D. If a Final Protection Order is Issued: The defendant should read any protection order carefully. The order will state specifically all prohibitions or requirements that apply to the defendant. Violation of certain parts of a protective order is a Class D crime, punishable by up to 364 days in jail and a $2,000 fine. In certain cases, a violation may be a Class C felony, or may be contempt of court. If the defendant is ordered to stay away from plaintiff's residence and the defendant goes to the residence, the defendant will be arrested and charged with violating a protection from abuse order. The plaintiff cannot give the defendant permission to violate the order or vary its terms. Only a judge can change the order.
If a final order of protection from abuse prohibits the defendant from possessing firearms or dangerous weapons, the defendant will also be ordered to turn over firearms and prohibited weapons to a law enforcement officer or other person within the time stated in the order (24 hours or less after the temporary order is served on the defendant). If the defendant chooses to turn over the prohibited items to a person other than a law enforcement officer, the defendant must file within 24 hours a statement identifying that person and listing all items turned over to the person. That statement may be filed with either the court or a local law enforcement agency. If the court later finds probable cause to believe the defendant has not turned over all firearms and prohibited weapons, the court can authorize a search warrant and seizure of any prohibited items found.

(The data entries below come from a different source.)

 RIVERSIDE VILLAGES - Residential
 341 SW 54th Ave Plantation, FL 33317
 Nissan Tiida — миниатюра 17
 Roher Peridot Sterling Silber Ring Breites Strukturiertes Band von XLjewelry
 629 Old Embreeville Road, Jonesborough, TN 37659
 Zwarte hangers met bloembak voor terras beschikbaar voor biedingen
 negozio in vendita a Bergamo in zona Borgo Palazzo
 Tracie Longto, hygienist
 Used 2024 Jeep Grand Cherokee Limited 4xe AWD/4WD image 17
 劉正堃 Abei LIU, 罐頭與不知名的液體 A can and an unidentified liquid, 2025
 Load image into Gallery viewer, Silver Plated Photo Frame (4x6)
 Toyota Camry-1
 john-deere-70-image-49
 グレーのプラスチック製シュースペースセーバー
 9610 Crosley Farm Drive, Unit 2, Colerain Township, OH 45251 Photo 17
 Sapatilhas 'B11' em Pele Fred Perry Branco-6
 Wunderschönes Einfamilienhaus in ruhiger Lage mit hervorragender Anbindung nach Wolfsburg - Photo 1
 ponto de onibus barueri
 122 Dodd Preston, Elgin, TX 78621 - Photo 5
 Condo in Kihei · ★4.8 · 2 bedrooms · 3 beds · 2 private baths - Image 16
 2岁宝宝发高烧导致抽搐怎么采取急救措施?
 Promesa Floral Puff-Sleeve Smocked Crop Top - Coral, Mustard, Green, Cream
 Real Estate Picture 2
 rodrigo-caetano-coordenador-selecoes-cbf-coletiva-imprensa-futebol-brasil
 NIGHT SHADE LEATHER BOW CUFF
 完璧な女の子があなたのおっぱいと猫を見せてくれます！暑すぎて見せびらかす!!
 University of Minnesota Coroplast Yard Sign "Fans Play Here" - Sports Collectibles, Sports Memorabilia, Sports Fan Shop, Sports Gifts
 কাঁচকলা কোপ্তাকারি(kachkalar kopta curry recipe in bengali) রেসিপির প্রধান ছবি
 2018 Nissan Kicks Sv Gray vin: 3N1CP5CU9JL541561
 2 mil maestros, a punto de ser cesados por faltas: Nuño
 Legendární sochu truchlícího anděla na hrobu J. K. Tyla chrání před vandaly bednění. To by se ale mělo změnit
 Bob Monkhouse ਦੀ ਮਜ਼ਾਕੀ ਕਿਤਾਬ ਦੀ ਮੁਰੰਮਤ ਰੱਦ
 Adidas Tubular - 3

Note: If the Court enters a Protection from Abuse order that prohibits the defendant from harassing, stalking or threatening the plaintiff, possession of a firearm and/or ammunition by the defendant may be a separate violation of state and federal law, even if the order itself does not prohibit firearm possession.
In addition, a parent's willful misuse of a Protection from Abuse process in order to gain tactical advantage in a divorce or paternity action may be considered by the court in that divorce or paternity action when deciding upon the allocation of parental rights and responsibilities.